WHAT YOU ARE ASKED TO DO:
Copy verbatim the block of lines in the entries below whose first line contains "1 Boyagh, Ballindrait, Co. Donegal, F93Y39X" and whose last line contains "Cambium 60GHZ BRIDGE IN A BOX-2GB-US CORD". Leave out all other lines.

INPUT MATERIAL:
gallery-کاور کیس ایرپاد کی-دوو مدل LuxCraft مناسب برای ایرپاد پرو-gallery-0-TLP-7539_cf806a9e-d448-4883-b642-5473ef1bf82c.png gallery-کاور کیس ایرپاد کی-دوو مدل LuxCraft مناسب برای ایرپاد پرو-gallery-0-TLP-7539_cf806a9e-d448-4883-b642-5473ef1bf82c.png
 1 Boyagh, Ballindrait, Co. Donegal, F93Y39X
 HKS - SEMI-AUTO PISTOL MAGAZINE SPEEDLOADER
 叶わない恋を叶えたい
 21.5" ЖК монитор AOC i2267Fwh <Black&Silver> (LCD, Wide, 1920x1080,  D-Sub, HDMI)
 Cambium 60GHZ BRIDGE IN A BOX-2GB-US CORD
==
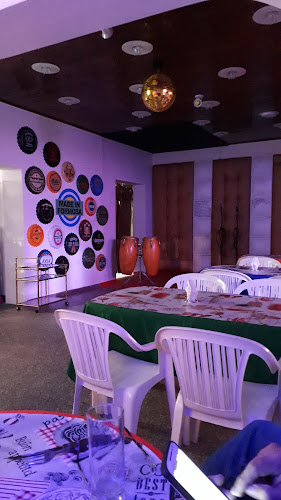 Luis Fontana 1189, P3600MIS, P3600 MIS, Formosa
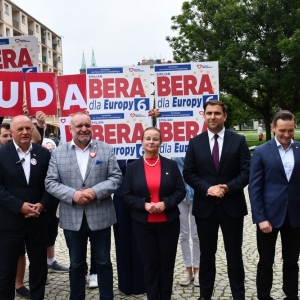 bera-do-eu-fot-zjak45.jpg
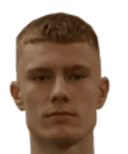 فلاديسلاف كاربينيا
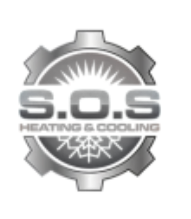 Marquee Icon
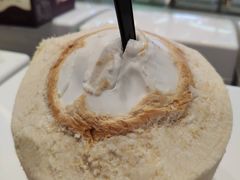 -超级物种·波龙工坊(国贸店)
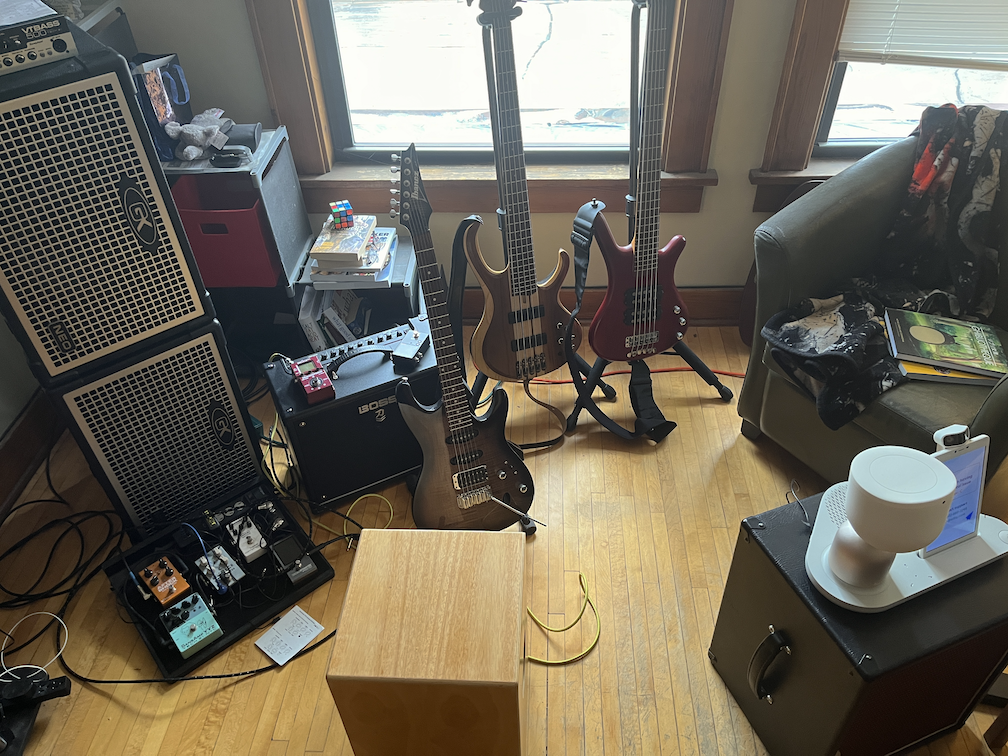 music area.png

YOUR SOLUTION:
 1 Boyagh, Ballindrait, Co. Donegal, F93Y39X
 HKS - SEMI-AUTO PISTOL MAGAZINE SPEEDLOADER
 叶わない恋を叶えたい
 21.5" ЖК монитор AOC i2267Fwh <Black&Silver> (LCD, Wide, 1920x1080,  D-Sub, HDMI)
 Cambium 60GHZ BRIDGE IN A BOX-2GB-US CORD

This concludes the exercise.